2) DIVERGENZA TRA LA VOLONTÀ NEGOZIALE E LA CAUSA TIPICA DELLA FIDEIUSSIONE E LIMITAZIONE DELL’ESPOSIZIONE DEBITORIA DEL FIDEIUSSORE ENTRO I LIMITI DELL’OBBLIGAZIONE PRINCIPALE EX ART. 1941 C. 3 C.C.

Segnaliamo la sentenza 3643/2022 resa dal Tribunale di Roma all’esito del giudizio in materia di diritto bancario avente ad oggetto, tra l’altro, le contestazioni relative alla CMS ed il contenzioso cliente-banca sulla natura simulata e nullità della fideiussione omnibus. Dopo un approfondito excursus giurisprudenziale fondante il rigetto delle domande sulla illegittimità delle variazioni contrattuali operate dalla Banca sul contratto di conto corrente e sull’accertamento richiesto in tema di usura, interessi ultralegali, anatocismo, la sentenza si occupa dell’applicazione della Commissioni di Massimo Scoperto. Il Tribunale capitolino ha ritenuto superata la questione sull’astratta validità di dette clausole per effetto del D.L. 185/2008, convertito con modificazioni nella L. n. 2/2009, che nel disciplinare la materia delle CMS, da considerare pienamente valide ed efficaci se conformi ai dettami di legge, ha consentito implicitamente di riconoscere la piena legittimità delle stesse anche per il passato, quanto alla sussistenza di una valida causa negoziale.

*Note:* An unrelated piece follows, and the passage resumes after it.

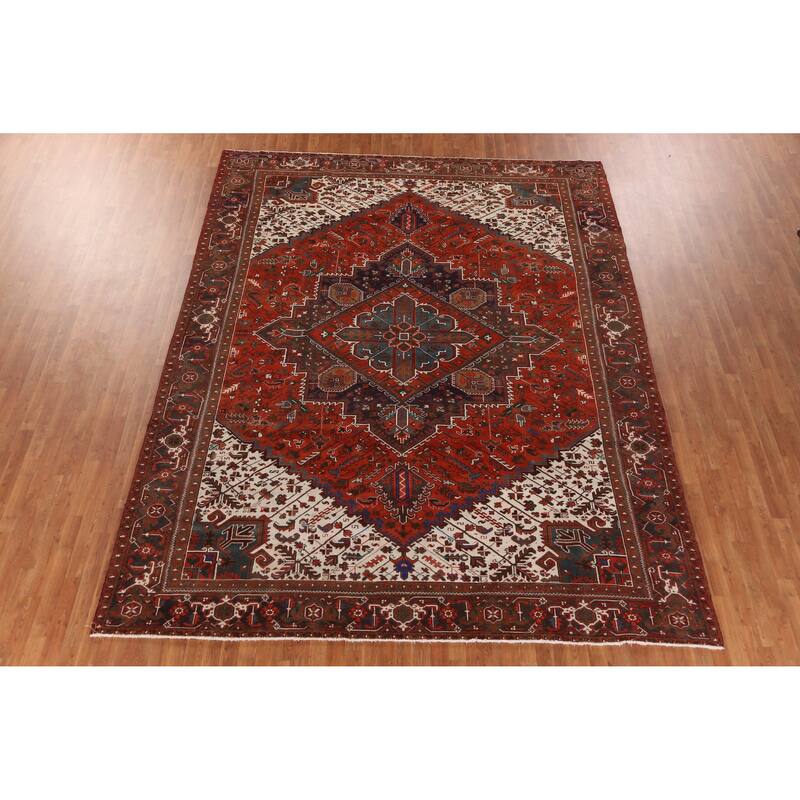 Hand Knotted Oriental 100% Wool Carpet Traditional Medallion Oranges & Rust Heriz Area Rug - 12' 9'' X 9' 10''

Dunque, di per sé, la CMS e commissioni similari non erano e non sono vietate, né automaticamente nulle erano o sono le relative clausole: la verifica va fatta in concreto. La sentenza affronta anche il tema della nullità per simulazione della garanzia personale prestata in relazione al rapporto bancario. Secondo la prospettazione attorea, una fideiussione eccessivamente onerosa rispetto al credito da garantire dissimulerebbe il reale intento del creditore di ottenere una maggior garanzia anche da parte di terzi e di disporre di una maggiore consistenza patrimoniale aggredibile, in violazione dell’art. 1941 c.c.

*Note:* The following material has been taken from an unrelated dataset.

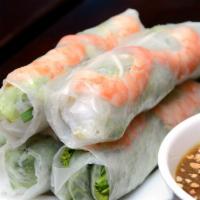 Spring Rolls (2) · Chef recommends. Your choice for veggie, shrimp, chicken & tofu. Fresh rolls made with rice ...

Nella fattispecie, il Tribunale ha ritenuto inconferente il richiamo alla natura simulata della fideiussione, non ravvisando in atti la prova di qualsivoglia divergenza tra le dichiarazioni rese dalle parti e le rispettive volontà negoziali, considerando pacifico che la parte intendesse effettivamente prestare una garanzia in ordine all’esposizione debitoria della garantita. Ha inoltre ribadito il principio secondo cui, quand’anche risultasse provata la divergenza tra la volontà negoziale e la causa tipica della fideiussione, la stessa, lungi dal costituire un’ipotesi di negozio simulato, varrebbe piuttosto ad integrarne il contenuto, senza determinarne la nullità, atteso che la concessione di una fideiussione in misura eccedente il debito o a condizioni più onerose comporta, ex art. 1941 c. 3 c.c., la mera limitazione dell’esposizione debitoria del fideiussore entro i limiti dell’obbligazione principale.